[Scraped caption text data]
>>>

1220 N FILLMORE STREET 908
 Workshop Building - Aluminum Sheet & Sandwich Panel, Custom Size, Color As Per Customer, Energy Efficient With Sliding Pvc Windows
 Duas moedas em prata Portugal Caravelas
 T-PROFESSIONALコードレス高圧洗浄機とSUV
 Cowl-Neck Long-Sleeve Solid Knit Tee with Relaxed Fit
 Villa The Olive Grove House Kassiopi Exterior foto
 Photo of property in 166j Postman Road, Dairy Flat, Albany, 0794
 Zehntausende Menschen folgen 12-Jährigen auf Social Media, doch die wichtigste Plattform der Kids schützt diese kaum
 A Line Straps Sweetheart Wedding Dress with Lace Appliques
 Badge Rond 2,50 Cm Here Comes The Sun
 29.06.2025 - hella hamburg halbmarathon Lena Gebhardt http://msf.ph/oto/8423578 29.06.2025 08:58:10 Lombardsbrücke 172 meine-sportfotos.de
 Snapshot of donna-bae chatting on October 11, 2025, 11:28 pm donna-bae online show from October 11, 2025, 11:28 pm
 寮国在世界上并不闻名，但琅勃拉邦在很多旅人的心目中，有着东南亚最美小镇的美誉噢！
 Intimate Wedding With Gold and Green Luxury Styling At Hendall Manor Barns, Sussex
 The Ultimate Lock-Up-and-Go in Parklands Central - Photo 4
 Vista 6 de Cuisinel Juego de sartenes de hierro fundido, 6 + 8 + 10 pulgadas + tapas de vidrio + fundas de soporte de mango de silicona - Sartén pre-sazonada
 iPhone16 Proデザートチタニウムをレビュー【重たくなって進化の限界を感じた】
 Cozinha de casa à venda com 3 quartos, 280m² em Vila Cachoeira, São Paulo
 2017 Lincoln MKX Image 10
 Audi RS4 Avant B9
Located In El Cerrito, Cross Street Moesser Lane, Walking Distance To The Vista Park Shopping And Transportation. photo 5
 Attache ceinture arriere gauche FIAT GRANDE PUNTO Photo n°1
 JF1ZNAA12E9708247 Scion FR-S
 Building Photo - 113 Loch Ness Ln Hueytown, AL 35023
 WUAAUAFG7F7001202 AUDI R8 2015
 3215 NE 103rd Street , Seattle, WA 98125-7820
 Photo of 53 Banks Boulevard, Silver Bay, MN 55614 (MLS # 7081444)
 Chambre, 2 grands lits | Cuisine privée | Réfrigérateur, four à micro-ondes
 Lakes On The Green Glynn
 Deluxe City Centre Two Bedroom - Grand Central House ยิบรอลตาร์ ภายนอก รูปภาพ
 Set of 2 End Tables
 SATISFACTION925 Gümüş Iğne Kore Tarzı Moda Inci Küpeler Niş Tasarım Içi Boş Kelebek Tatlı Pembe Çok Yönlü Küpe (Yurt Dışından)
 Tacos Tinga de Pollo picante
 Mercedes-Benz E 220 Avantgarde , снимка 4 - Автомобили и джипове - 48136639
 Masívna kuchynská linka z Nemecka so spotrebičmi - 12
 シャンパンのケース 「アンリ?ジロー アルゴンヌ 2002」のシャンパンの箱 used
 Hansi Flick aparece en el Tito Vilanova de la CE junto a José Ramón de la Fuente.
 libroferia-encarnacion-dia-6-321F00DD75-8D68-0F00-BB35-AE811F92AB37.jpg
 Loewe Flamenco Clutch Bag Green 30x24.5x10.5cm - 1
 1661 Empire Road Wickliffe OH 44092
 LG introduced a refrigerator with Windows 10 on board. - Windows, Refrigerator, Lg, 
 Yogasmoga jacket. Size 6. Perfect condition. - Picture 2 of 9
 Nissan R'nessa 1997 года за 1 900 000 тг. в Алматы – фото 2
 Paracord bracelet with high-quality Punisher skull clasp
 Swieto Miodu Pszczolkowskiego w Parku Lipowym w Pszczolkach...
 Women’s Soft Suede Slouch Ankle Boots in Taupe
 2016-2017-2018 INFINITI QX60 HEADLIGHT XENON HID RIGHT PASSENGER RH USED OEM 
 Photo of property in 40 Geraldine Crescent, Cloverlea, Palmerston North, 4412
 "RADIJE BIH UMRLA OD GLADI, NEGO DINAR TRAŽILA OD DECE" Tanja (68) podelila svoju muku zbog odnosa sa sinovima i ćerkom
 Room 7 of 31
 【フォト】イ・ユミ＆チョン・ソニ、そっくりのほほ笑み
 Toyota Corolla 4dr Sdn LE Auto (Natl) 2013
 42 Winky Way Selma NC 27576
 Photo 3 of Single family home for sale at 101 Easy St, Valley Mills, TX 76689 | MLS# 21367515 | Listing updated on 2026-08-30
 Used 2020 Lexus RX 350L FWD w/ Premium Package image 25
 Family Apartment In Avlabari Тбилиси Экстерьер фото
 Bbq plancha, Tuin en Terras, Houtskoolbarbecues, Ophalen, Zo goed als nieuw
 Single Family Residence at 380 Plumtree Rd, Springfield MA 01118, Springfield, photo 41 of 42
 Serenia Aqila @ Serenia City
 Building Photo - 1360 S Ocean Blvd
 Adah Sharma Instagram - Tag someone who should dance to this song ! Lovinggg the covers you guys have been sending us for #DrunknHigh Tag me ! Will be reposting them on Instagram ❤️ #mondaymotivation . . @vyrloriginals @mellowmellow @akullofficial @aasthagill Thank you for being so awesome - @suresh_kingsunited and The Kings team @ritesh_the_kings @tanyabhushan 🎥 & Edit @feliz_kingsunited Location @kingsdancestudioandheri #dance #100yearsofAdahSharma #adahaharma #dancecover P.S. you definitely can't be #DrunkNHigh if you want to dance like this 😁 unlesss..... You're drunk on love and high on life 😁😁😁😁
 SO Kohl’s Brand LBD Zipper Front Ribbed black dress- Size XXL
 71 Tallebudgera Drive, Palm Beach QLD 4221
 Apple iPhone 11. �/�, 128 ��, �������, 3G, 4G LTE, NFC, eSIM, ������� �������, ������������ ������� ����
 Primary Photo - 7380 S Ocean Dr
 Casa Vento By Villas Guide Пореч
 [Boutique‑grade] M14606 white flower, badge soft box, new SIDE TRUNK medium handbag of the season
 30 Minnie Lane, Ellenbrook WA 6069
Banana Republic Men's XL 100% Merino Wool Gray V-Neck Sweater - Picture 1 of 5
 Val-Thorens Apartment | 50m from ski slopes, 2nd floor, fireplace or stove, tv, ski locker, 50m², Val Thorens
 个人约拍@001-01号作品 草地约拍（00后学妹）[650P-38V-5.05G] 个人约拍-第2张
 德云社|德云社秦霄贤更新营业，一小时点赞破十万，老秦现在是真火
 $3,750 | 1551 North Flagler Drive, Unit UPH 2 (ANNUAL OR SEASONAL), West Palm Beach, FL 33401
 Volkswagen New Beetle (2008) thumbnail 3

<<<

The lines from the start of the entries above through the line containing "3215 NE 103rd" are the ones to return, please; copy them exactly and include both ends.

**Exercise result:**
1220 N FILLMORE STREET 908
 Workshop Building - Aluminum Sheet & Sandwich Panel, Custom Size, Color As Per Customer, Energy Efficient With Sliding Pvc Windows
 Duas moedas em prata Portugal Caravelas
 T-PROFESSIONALコードレス高圧洗浄機とSUV
 Cowl-Neck Long-Sleeve Solid Knit Tee with Relaxed Fit
 Villa The Olive Grove House Kassiopi Exterior foto
 Photo of property in 166j Postman Road, Dairy Flat, Albany, 0794
 Zehntausende Menschen folgen 12-Jährigen auf Social Media, doch die wichtigste Plattform der Kids schützt diese kaum
 A Line Straps Sweetheart Wedding Dress with Lace Appliques
 Badge Rond 2,50 Cm Here Comes The Sun
 29.06.2025 - hella hamburg halbmarathon Lena Gebhardt http://msf.ph/oto/8423578 29.06.2025 08:58:10 Lombardsbrücke 172 meine-sportfotos.de
 Snapshot of donna-bae chatting on October 11, 2025, 11:28 pm donna-bae online show from October 11, 2025, 11:28 pm
 寮国在世界上并不闻名，但琅勃拉邦在很多旅人的心目中，有着东南亚最美小镇的美誉噢！
 Intimate Wedding With Gold and Green Luxury Styling At Hendall Manor Barns, Sussex
 The Ultimate Lock-Up-and-Go in Parklands Central - Photo 4
 Vista 6 de Cuisinel Juego de sartenes de hierro fundido, 6 + 8 + 10 pulgadas + tapas de vidrio + fundas de soporte de mango de silicona - Sartén pre-sazonada
 iPhone16 Proデザートチタニウムをレビュー【重たくなって進化の限界を感じた】
 Cozinha de casa à venda com 3 quartos, 280m² em Vila Cachoeira, São Paulo
 2017 Lincoln MKX Image 10
 Audi RS4 Avant B9
Located In El Cerrito, Cross Street Moesser Lane, Walking Distance To The Vista Park Shopping And Transportation. photo 5
 Attache ceinture arriere gauche FIAT GRANDE PUNTO Photo n°1
 JF1ZNAA12E9708247 Scion FR-S
 Building Photo - 113 Loch Ness Ln Hueytown, AL 35023
 WUAAUAFG7F7001202 AUDI R8 2015
 3215 NE 103rd Street , Seattle, WA 98125-7820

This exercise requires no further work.